The land patch has fallen into the Indian territory after a Nepal-India joint survey team marked positions for new subsidiary boundary pillars between the main border posts 391 and 392 in Chhapkaiya area of Birgunj Metropolitan City-1.

The correspondence was made to the Indian side through the Ministry of Foreign Affairs. According to officials, the matter has already been taken up with the Indian Embassy in Kathmandu.

Several owners of the Chhapkaiya area in Birgunj came to know about their land slipping into the Indian side while fixing the boundary pillars last week. A team of survey officials was sent from Kathmandu to find out fact.

At a press conference on Sunday, the Department of Survey said the Indian side was urged to maintain status quo until the boundary issue is settled. Local residents said they have long held legal ownership of the land.

Nepal Prime Minister Sher Bahadur Deuba has met the minister for land and management, the state minister, vice-chairman of the National Planning Commission, the chief secretary, the foreign secretary, secretary at the ministry, chiefs of security agencies and his advisors on the matter.

The PM is learnt to have decided that Nepali owners will use their land until the issue is settled with the Indian side.

Patches of land owned by either side are said to have fallen into the other side due to the bordering rivers changing course. This has generated claims and counter claims on both sides, Director General of the Survey Department Ganesh Bhatta said.

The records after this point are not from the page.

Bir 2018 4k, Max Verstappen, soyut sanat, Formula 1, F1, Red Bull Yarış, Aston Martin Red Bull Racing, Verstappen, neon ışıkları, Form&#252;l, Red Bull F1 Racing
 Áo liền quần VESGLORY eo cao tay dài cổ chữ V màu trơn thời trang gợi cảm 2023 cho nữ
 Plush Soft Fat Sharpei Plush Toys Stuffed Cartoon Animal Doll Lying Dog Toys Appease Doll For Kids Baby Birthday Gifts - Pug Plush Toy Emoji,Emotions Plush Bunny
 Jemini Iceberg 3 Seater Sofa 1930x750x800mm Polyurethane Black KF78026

PM Deuba said the government would compensate the affected people or relocate those who have lost their land in the process.

According to Bhatta, the shifting of ownership was due to some past decisions. The international boundary between Nepal and India was demarcated in 1876 during the Treaty of Sugauli and later in 1860 and 1875.

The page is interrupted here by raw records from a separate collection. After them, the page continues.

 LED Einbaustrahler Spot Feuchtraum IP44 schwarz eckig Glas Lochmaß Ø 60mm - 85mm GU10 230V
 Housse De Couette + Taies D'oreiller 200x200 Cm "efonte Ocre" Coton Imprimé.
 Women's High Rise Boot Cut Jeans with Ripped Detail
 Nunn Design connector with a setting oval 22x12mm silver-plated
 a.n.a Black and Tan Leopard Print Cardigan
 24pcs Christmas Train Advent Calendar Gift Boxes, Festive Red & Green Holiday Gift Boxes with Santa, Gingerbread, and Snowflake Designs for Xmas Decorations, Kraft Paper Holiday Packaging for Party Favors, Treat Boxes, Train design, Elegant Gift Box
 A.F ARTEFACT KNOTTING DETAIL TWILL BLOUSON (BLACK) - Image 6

Detailed maps were prepared based on the earlier treaties and agreements before the boundary was demarcated and pillars erected, Bhatta said.

Nepal and India had agreed to form a Joint Technical Committee (JTC) in 1980 to prepare the boundary map, to install boundary pillars that had gone missing or were damaged, to maintain existing ones and to resolve border disputes.

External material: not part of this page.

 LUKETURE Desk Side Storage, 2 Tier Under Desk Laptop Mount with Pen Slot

The JTC was mandated to prepare strip maps guided by the GPS, find data on encroachment of the no-man’s land, fix boundary pillars maintaining the line of sight, and number them east to west. The JTC prepared 182 sheets of strip maps in 2007 excepting Susta and Kalapani. After they were signed at the technical level, the process to fix the boundary pillars started in 2014 as mandated by a new body, the Boundary Working Group.

The BWG is working to fix the boundary pillars, maintain them, clear encroachment of the no-man’s land and handle the issue of cross-border holding. Bhatta views the problem reported in the Sirsiya riverside last week in this context.

According to the Survey Department, Nepal and India share 640 kilometres of river boundary, causing issues of cross holdings time to time as they change course. Local residents are perceived to encroach upon land after rivers take a new course.

In 1989, Nepal decided to fix the boundary with India as per the “fixed boundary principle” on the basis of the boundary map signed in 1860 and other documents. “Problems were created since we agreed to take rivers as the boundary,” Bhatta said.

Several riverside areas were registered and ownership certificates issued. But after 1998, when the government decided to adopt the “fixed boundary principle”, several plots of land fell to either side of the border, Bhatta said.

“The two sides are working to find the exact data on such land pieces. The BWG is collecting data on the field. Once the work is done, we’ll suggest both the governments ways to manage the problem,” Bhatta said, who leads the Nepal side of the Boundary Working Group.

He said the disputed land area in Sirsiya was less than what was reported.